We imitate the society around us.
This social theory, which the French thinker Rene Girard expounds with particular eloquence, explains why we behave the way we do, and why society stumbles into its blind spot of a default future.
Instead of designing, creating and planning the kind of future society we want, instead of aspiring and dreaming of the kind of tomorrow that inspires us to live our best, we allow invisible social forces to propel us along the same old status quo. Tomorrow then becomes like our yesterday, and progress becomes a myth.
Looking around in Guyana we see plenty to fuel the myth that we progress as a nation. Personal material wealth abounds, with expensive cars, lavish houses and flashy lifestyles easy to spot. We see these and believe we progress.
Our government ministers moved from pushing old Soviet motorcycles sputtering from Freedom House across a pot-holed Robb Street in 1992, to today driving multi-million dollar Prados, wearing imported designer suits, and living in fancy marble-designed houses, and we now believe we have progressed as a society.
So strong is the myth, that even to suggest that our progress is an illusion provokes an irate backlash.

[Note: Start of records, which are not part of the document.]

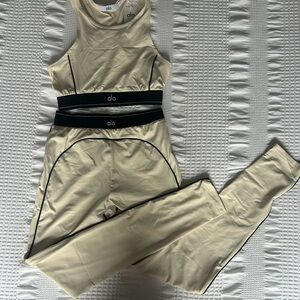 ALO Yoga Women's Cream-Yellowish Leggings Set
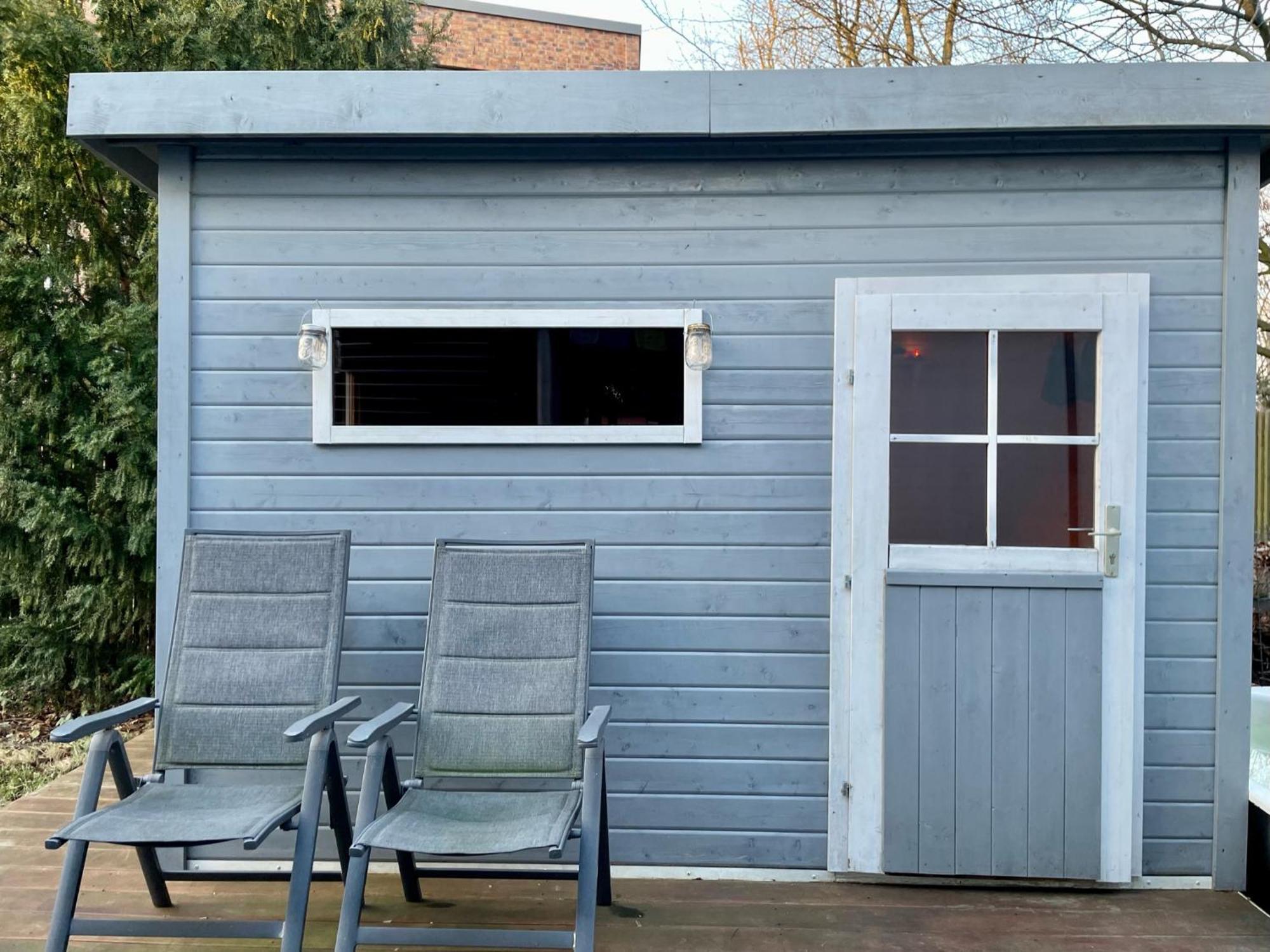 Modernes Holzhaus Im Skandinavischen Stil Mit Sauna, Garten Und 2 Katzen 诺德施泰特 外观 照片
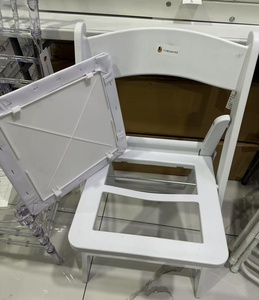 Sillas Plegables Modernas de Resina Blanca Estilo Chiavari <span class=keywords><strong>para</strong></span> Jardín Adultos y Niños Muebles Portátiles <span class=keywords><strong>para</strong></span> Eventos Bodas Escuelas y Exteriores Wimbledon - Product Image 4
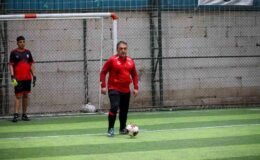 Böyle maç görülmedi, vali çocuklarla birlikte futbol oynadı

But the state of our human resource capital, the quality of our people, remains mired in under-development. This second decade of the 21st century sees us battling with a society steeped in illiteracy and innumeracy, producing results of 65 percent failure rate in Math and English for young, adult school leavers.
We fail to design our future. We fail to aspire to a society that moves up, that elevates every Guyanese to be a thinking world citizen. We imitate the mediocrity around us, and find excuse, escape in rhetoric, to camouflage the myth, deceiving even ourselves.
Mediocrity abounds. When we look around us we see this passive tolerance for below average performance. Very few care. Our literacy crisis, for example, stumbles along in blindness, and few even notice this alarming structural defect of the foundation of our society.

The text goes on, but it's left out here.